We'd like to remind Forumites to please avoid political debate on the Forum... Read More »
We're aware that some users are experiencing technical issues which the team are working to resolve. See the Community Noticeboard for more info. Thank you for your patience.
📨 Have you signed up to the Forum's new Email Digest yet?
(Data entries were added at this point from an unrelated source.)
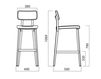 Scheme Bar stool Infiniti Design Indoor PORTA VENEZIA BAR STOOL Contemporary / Modern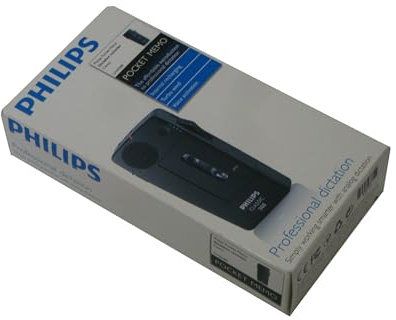 Philips Black Pocket Memo Voice Activated Dictation Recorder LFH0388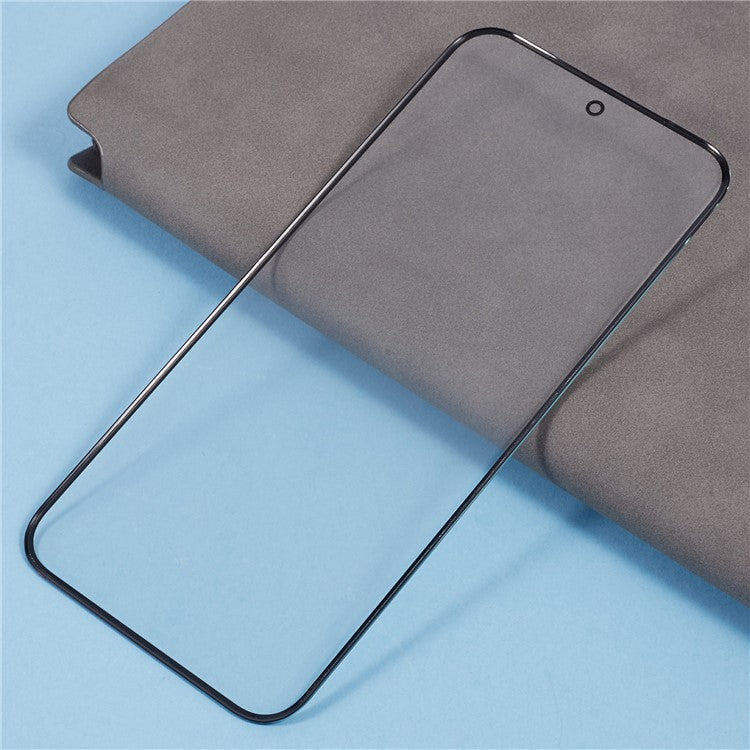 For Huawei Pura 70 Pro HBN-LX9 HBN-AL00 Front Screen Glass Lens + OCA Adhesive Part (Without Logo)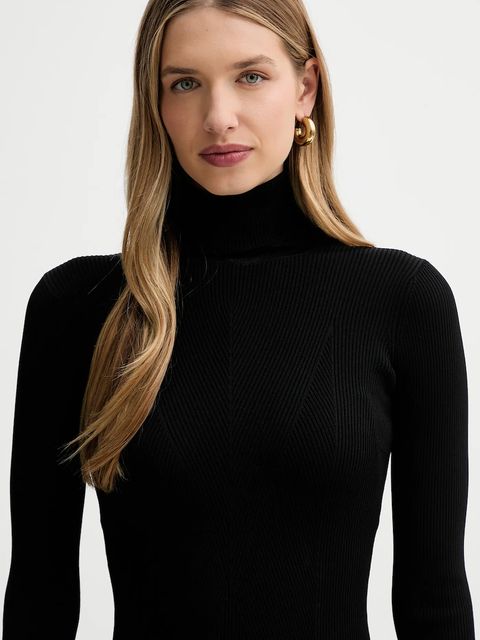 Elisabetta Franchi sukienka kolor czarny mini dopasowana AM07B56E2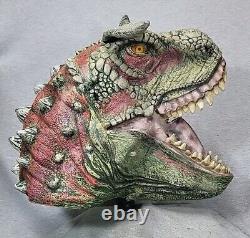 Rare Vintage Disney Dinosaurs Unreleased Movie Vinyl Halloween Mask child Size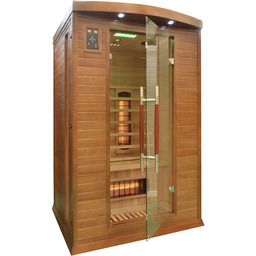 Sauna infrared Nordum Classic 2-osobowa WiFi brązowa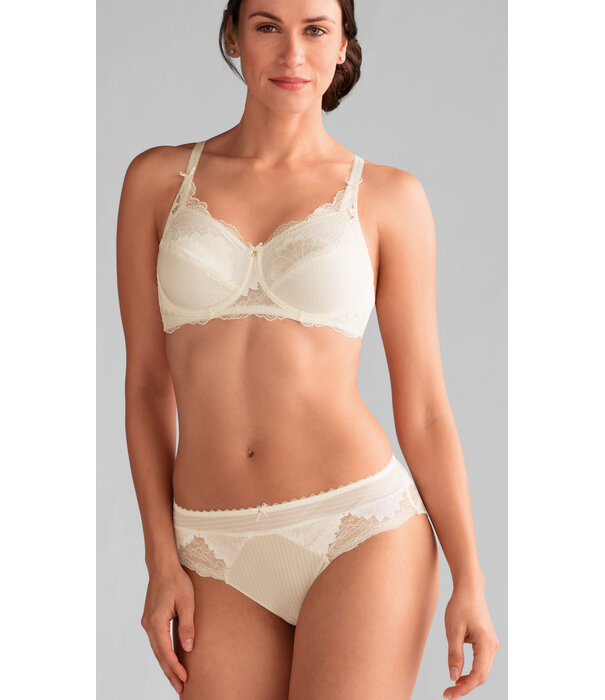 Amoena  Amoena Aurelie prothese bh met beugel en tweedelige cup in jacquardstof – champagne & zwart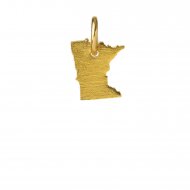 minnesota charm, gold dipped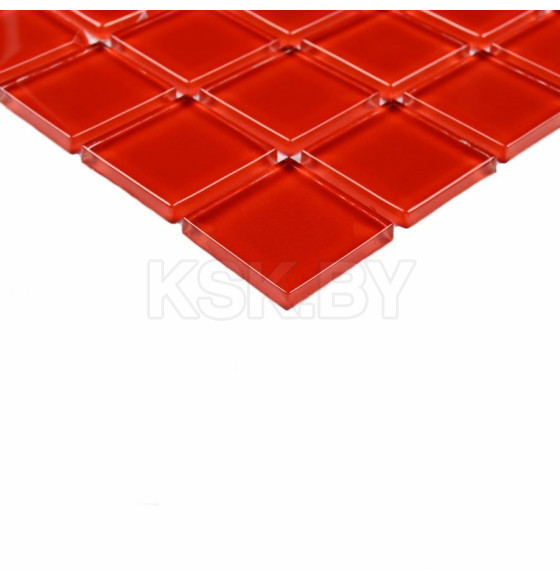 Мозаика Red glass 4*25*25 300*300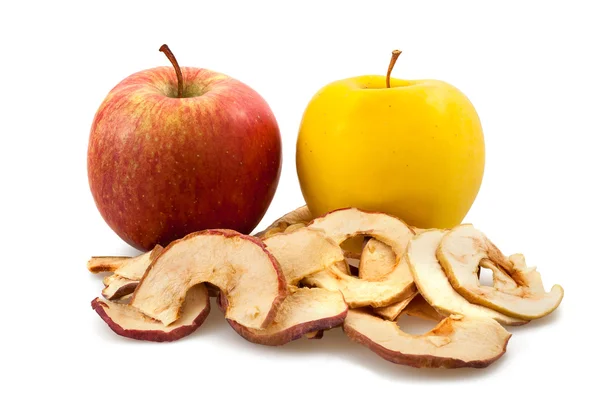 Сушеные яблоки — стоковое фото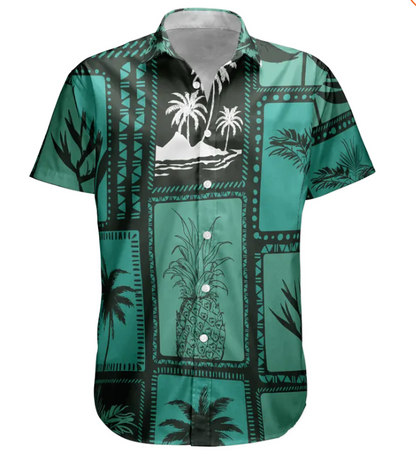 Custom Face Funny Photo Retro Tropical Palm Trees For Men, Women - Custom Photo Hawaiian Shirts HA0041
Get a selection of trending threads sent straight to your inbox daily, weekly or monthly!
Heat Used - Physics Question
Options
Comments
-
You have only calculated the heat energy in the air - not the bricks - and I don't think you've done it right.
Specific heat x volume x density x temp rise
1.0 kJ kg-1 K-1 * 500 m3 * 1.27 kg m-3 * 20 K= 12700 kJ (3.5 kWh) for a 20 C rise.
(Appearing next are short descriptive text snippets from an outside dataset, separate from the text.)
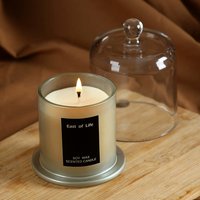 Cloche Glass Smokeless Scented Candle - Grey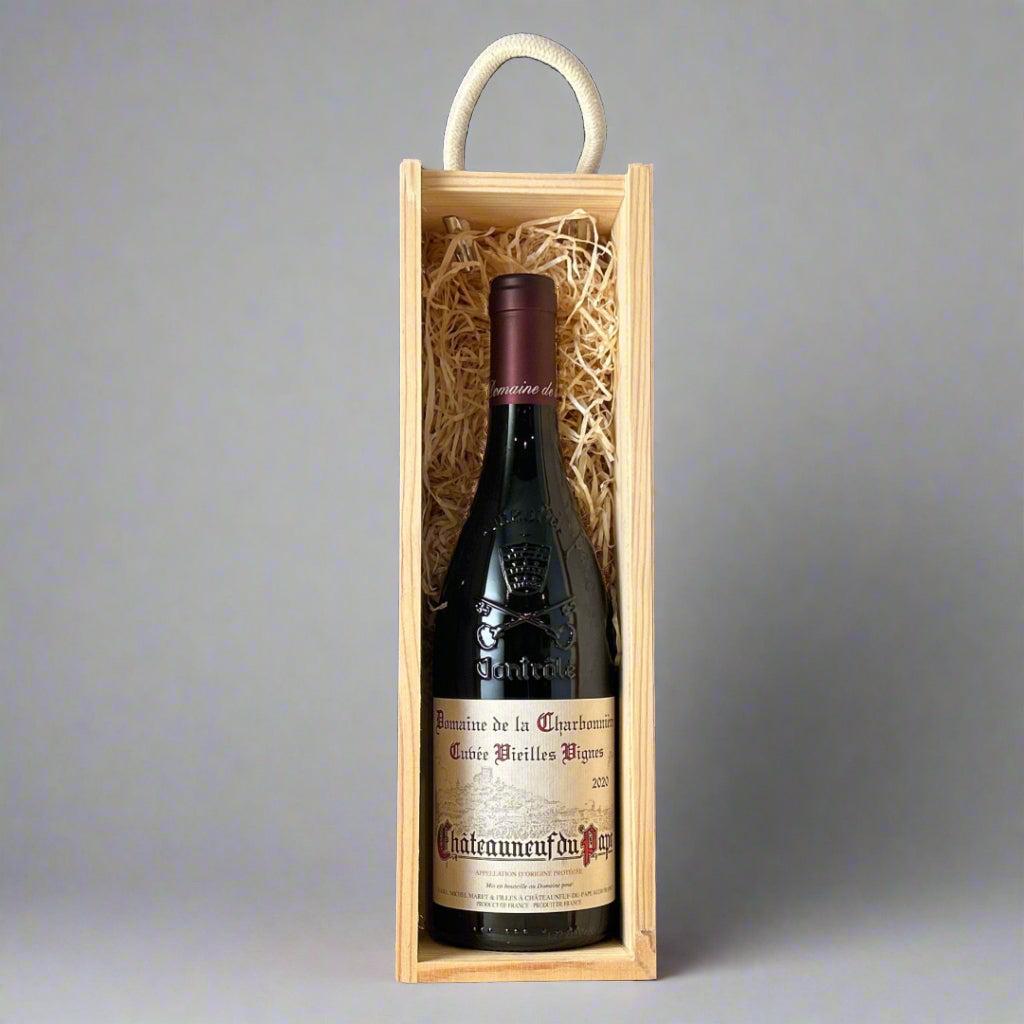 GIFT SET - Chateauneuf du Pape Single Wooden Box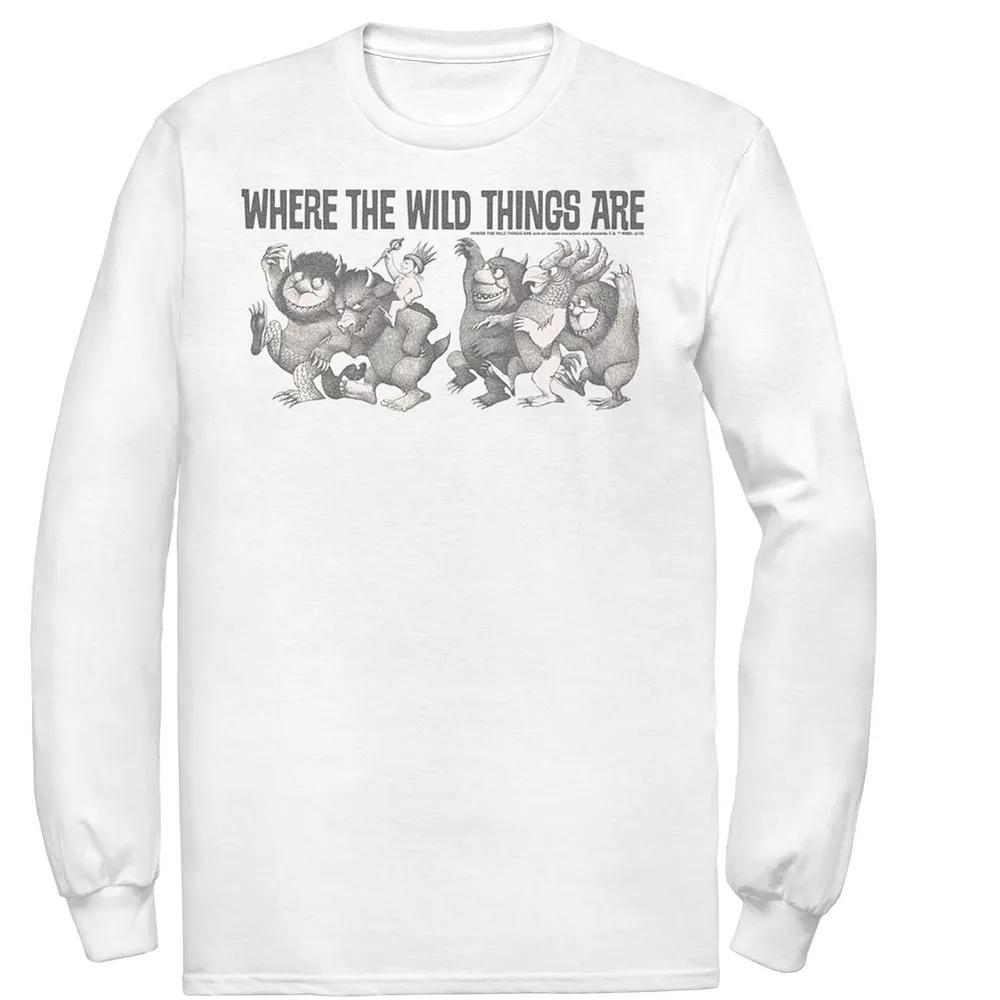 Men's Where The Wild Things Are Max Parade Group Shot Tee, Size: XL, Athletic Grey Product Image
So, let's assume a typical house with 16k bricks of 2.5 kg each - and that on average only the inner half the bricks will be heated
Specific heat x mass x temp rise
0.8 kJ kg-1 K-1 * 20000 kg * 20 K = 320,000 kJ (89 kWh)
Different types of insulation will alter the effects of the bricks - cavity wall insulation will heat about half the bricks - the outer skin won't be heated because of the insulation.
Internal insulation will remove most of the bricks from being heater, and external insulation will mean most of the bricks contribute.
These have different effects on house heating - external wall insulated houses will take a long time to heat up, but stay warm for longer. Internal insulated houses will heat up very quickly, but cool down very quickly when the heating stops.
Stone has a much higher density and specific heat than brick, so the effects are even more dramatic in stonebuilt houses/cottages, especially where the internal walls are also solid stone.0 -
Hi
Quick rule of thumb ..... 1kW for 1Hour raises 1Tonne 1degreeC ...
Now, all you need to know is the weight of the structure inside the insulated envelope (assuming cavity & loft), add the weight of the air (~1.2kg/cu m) and you have a rough idea for your property .... so, using water as a weight baseline at 1Tonne/cubic metre for a quick guess allow for a specific gravity of something like 2 for solid walls (brick/mortar/concrete), 1 for plasterboard and 0.5 for wood ... (at the top end of the scale, as we don't know the construction material - if you live in an insulated shipping container or battleship, steel comes in at just under 8 ..
)
... anything more accurate and you'll need a pretty complex spread-sheet and access to a materials database ...
HTH
Z"We are what we repeatedly do, excellence then is not an act, but a habit. " ...... Aristotle
0 -
I wondered if someone would be so kind as to do a sanity check on my methodology for heat transfer and losses in the outlined below building.
HOUSE DESCRIPTION
10 meters x 10 meters x 5 meters = 500m3
2 Floors
Central Heating = 100 liters
Boiler and Structure Warm up Time from Cold = 1hr
HOUSE STRUCTURE
Brick Walls: 200m2 – Specific Heat = 0.8 (kJ/kg K)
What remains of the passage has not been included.